▸ Goal of the exercise: Transcribe every line from the one containing "Msgm Kids' Multicolor" through the end of the records below, exactly, but not the pictures.

▸ Data shown:
--- START ---

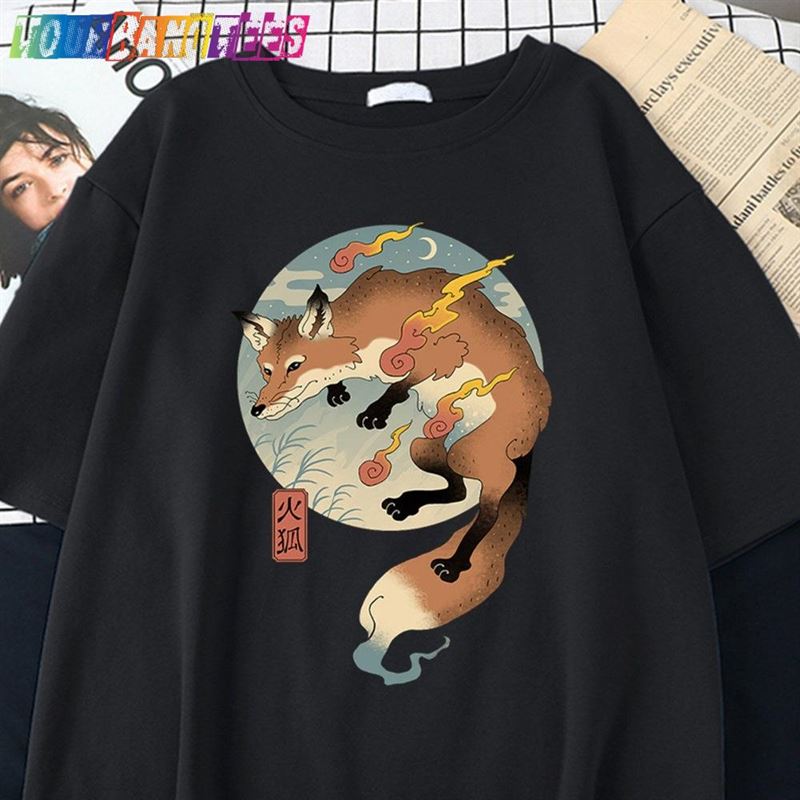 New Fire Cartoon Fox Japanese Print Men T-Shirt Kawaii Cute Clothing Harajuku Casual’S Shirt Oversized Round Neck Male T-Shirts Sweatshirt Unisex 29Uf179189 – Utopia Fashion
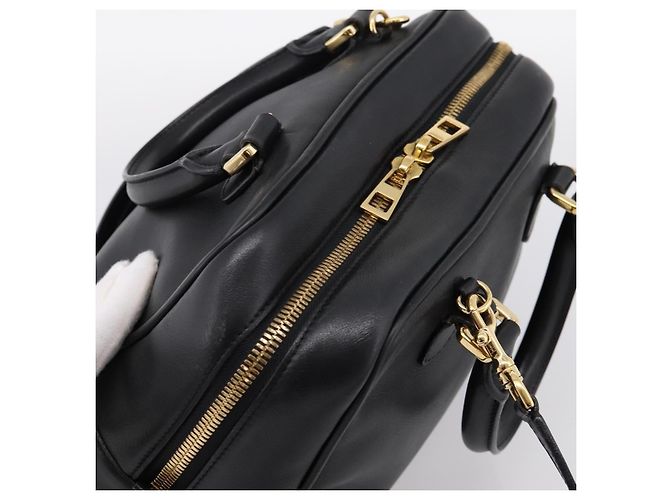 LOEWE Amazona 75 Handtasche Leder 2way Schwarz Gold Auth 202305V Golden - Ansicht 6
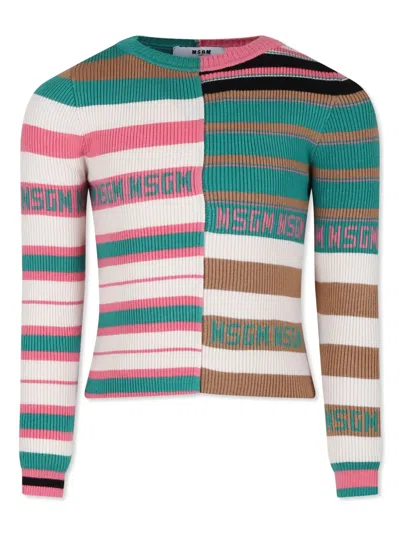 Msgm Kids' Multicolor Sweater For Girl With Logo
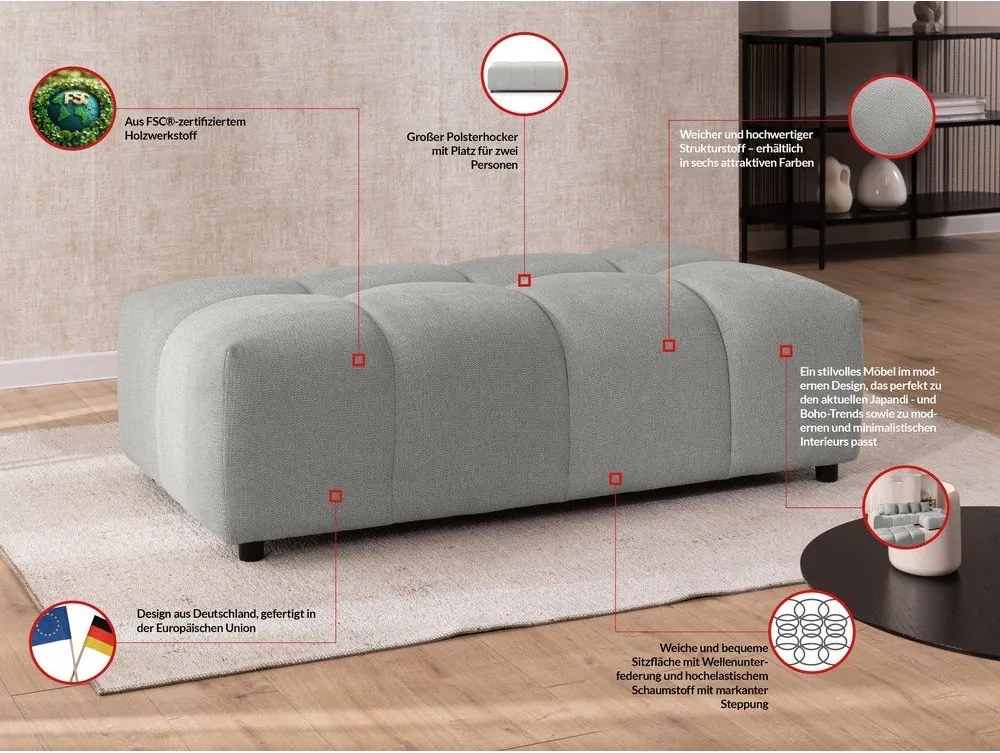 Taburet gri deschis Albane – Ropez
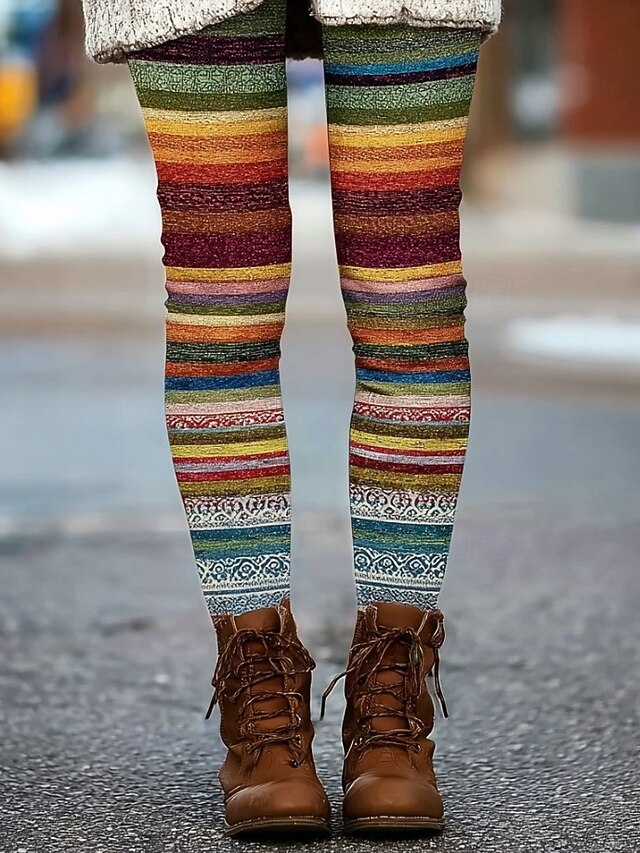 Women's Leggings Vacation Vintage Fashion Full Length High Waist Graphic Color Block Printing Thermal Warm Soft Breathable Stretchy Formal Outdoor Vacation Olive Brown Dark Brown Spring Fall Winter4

--- END ---

▸ Answer space:
 Msgm Kids' Multicolor Sweater For Girl With Logo
 Taburet gri deschis Albane – Ropez
 Women's Leggings Vacation Vintage Fashion Full Length High Waist Graphic Color Block Printing Thermal Warm Soft Breathable Stretchy Formal Outdoor Vacation Olive Brown Dark Brown Spring Fall Winter4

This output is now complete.